▸ **Work to be completed**:
Only the number is needed: count the lines below that hold the string "Mini".

═══ Supplied material

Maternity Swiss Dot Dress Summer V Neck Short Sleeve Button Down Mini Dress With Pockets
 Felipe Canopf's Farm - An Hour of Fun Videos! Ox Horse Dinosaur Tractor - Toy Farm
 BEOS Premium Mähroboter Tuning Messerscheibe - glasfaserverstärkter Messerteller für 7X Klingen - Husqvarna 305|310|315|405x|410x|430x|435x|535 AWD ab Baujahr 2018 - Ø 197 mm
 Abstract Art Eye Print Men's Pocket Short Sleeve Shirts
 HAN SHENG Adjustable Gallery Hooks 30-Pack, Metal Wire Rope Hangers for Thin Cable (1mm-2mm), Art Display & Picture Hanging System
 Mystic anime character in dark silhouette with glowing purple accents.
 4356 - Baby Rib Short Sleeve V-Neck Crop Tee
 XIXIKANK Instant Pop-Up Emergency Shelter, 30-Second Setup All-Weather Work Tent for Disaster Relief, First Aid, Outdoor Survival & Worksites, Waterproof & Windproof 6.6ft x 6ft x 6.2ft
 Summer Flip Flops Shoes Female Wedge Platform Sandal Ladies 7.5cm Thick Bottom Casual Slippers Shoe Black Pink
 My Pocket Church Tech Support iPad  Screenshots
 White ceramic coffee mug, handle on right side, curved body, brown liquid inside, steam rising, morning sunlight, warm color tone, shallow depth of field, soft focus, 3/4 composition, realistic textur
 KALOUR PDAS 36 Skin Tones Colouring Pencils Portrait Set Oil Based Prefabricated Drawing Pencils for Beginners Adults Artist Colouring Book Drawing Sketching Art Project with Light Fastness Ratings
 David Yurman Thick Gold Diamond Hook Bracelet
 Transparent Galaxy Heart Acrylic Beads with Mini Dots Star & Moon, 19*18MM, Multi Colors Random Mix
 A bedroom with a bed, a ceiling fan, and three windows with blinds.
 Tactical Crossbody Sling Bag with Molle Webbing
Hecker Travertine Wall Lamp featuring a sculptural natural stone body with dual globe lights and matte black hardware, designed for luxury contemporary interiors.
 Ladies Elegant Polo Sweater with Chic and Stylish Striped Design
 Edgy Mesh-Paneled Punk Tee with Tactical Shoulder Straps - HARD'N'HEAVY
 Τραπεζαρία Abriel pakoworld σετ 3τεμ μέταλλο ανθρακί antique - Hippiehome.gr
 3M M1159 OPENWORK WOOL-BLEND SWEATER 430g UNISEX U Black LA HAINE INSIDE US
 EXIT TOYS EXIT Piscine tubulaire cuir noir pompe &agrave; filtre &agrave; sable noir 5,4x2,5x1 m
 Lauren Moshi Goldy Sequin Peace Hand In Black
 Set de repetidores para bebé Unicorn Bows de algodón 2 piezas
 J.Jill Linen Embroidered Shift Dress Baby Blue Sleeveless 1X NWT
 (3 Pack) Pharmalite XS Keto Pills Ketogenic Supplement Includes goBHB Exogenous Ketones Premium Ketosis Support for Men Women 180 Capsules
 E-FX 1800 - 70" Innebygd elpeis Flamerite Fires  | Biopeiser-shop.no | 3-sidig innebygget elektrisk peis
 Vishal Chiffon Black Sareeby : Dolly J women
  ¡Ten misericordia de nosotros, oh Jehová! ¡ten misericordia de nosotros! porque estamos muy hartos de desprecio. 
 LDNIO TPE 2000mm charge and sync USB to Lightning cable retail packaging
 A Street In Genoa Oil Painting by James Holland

══════

▸ **Result for this exercise**:
2